As for gays in the military……..you have to be straight to shoot straight! Enough said.

Nikki M said...

MadMax - Perhaps you aren't the worldly person I thought you were if you really believe people's RELIGION is not at the center of arguments on morality.

The fact that you are willing to accept the persecution of others based upon something you yourself admit is an assumption and say that you have learned nothing to contradict this assumption in the past 45 YEARS is a testament to the sad state of your intellectual development.
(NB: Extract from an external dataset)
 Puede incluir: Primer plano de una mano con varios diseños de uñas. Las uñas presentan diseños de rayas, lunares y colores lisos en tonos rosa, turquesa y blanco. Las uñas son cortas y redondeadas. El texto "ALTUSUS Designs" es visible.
You mention the Bible. Read a little closer and maybe you'll realize you don't get to ultimately judge someone for their sins - that's God's job. The law of this land is based on the Constitution of the United States (which affirms the seperation of church and state in case you forgot) and other conventions and amendments we sign into law. So until this ceases to be the case, the courts have ruled in appropriate fashion in regards to homosexuals receiving status as a particular social group.

MadMax said...

Wow Nikki, you certainly have challenged my cerebral development. Although I applaud the effort I in no agree with your insinuations with regards to my acceptance of the persecution of gays, or with your inept dissection of the Constitution.

Please allow me to restate what I have written. I do not believe that gay people represent a separate “social group”, and therefore should not be granted asylum on those basis. I however, do not want to see their persecution. I believe that what goes on behind closed doors between two consenting adults is between them and their maker. Hate the sin but love the sinner. I also feel that if they live in a country where this type of deviant behavior is not condoned they should not advertise their sexual preference. Here’s a few tips….don’t fly the rainbow flag in front of your house! No rainbow bumper stickers. Guys don’t wear pink or listen to Bette Midler. Girls don’ wear a mullet unless you’re from Canada. Capiche?

Oh and by the way the phrase "separation of church and state" does not appear anywhere in the Constitution. Thomas Jefferson wrote that the first ammendment erected a “wall of seperation” between the church and the state (James Madison said it "drew a line," but it is Jefferson's term that sticks with us today). The phrase is commonly thought to mean that the government should not establish, support, or otherwise involve itself in any religion. Don’t believe me Nikki, check it out.